Data below —
•••••

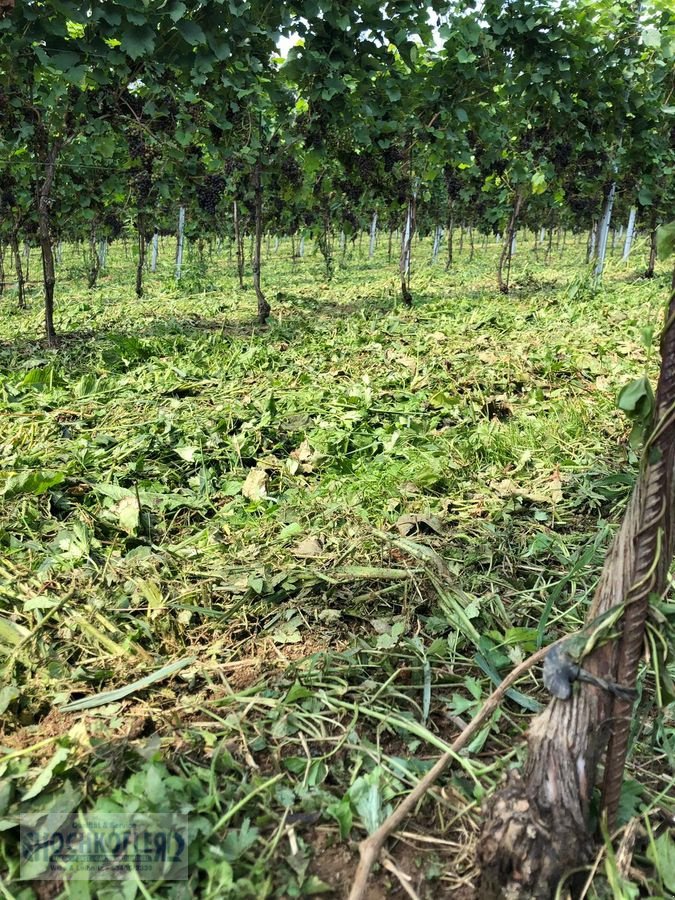 Sonstige Obsttechnik & Weinbautechnik typu Sonstige Psenner SV 173/240 + Held Stockräumer, Vorführmaschine w Wies (Zdjęcie 3)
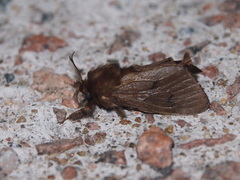 Amatissa leonina
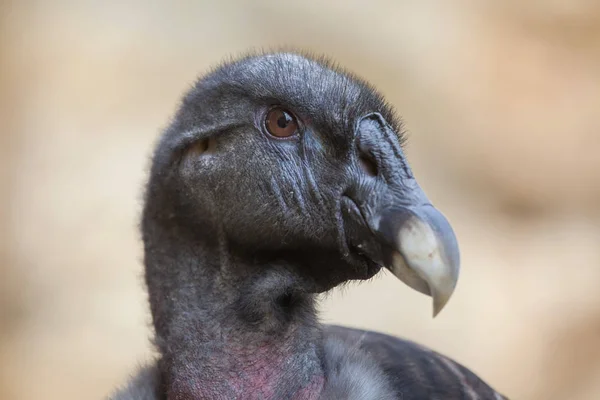 Condor andino (Vultur gryphus). — Fotografia de Stock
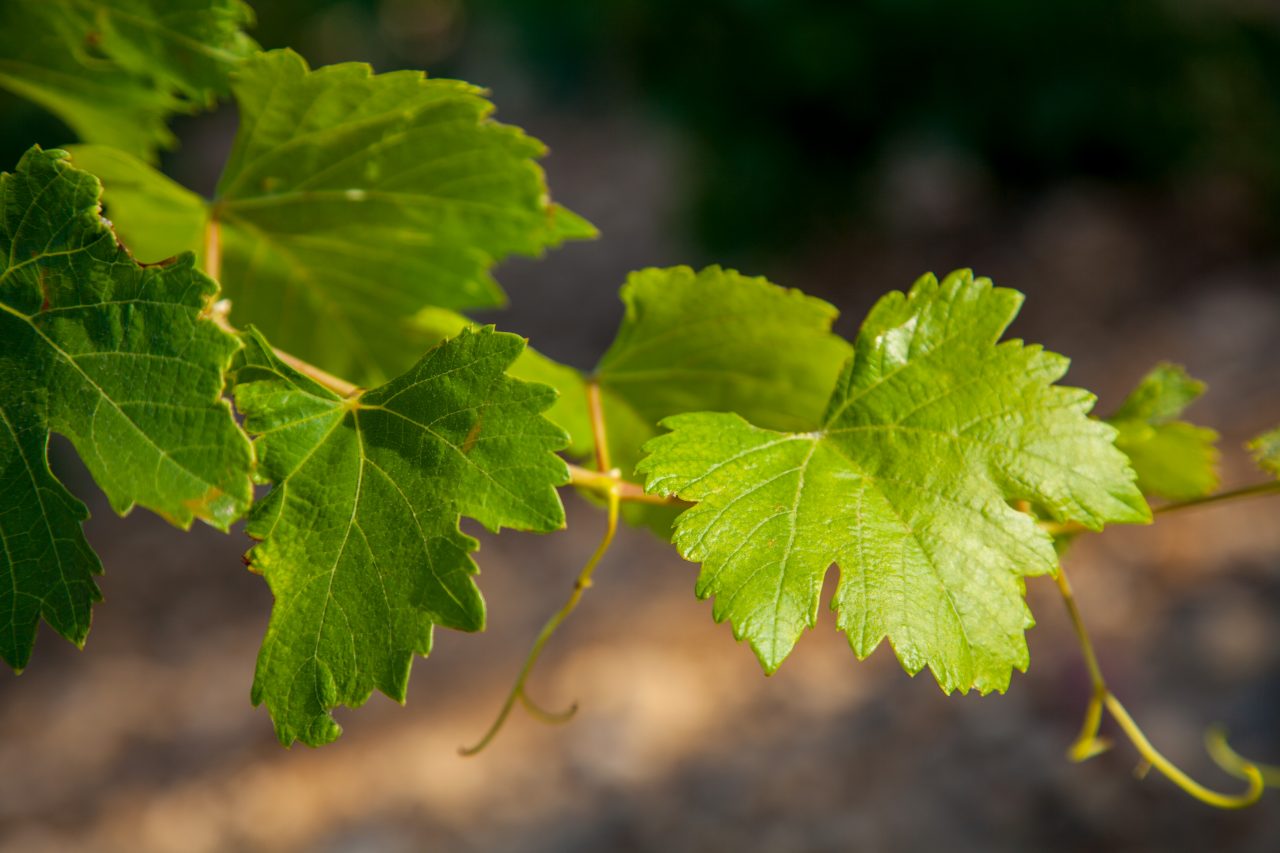 DOMAINE ALAIN CHABANON — vue 3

•••••

Work task —
One exact copy of the data is required, and it should hold no pictures.

Task answer —
 Sonstige Obsttechnik & Weinbautechnik typu Sonstige Psenner SV 173/240 + Held Stockräumer, Vorführmaschine w Wies (Zdjęcie 3)
 Amatissa leonina
 Condor andino (Vultur gryphus). — Fotografia de Stock
 DOMAINE ALAIN CHABANON — vue 3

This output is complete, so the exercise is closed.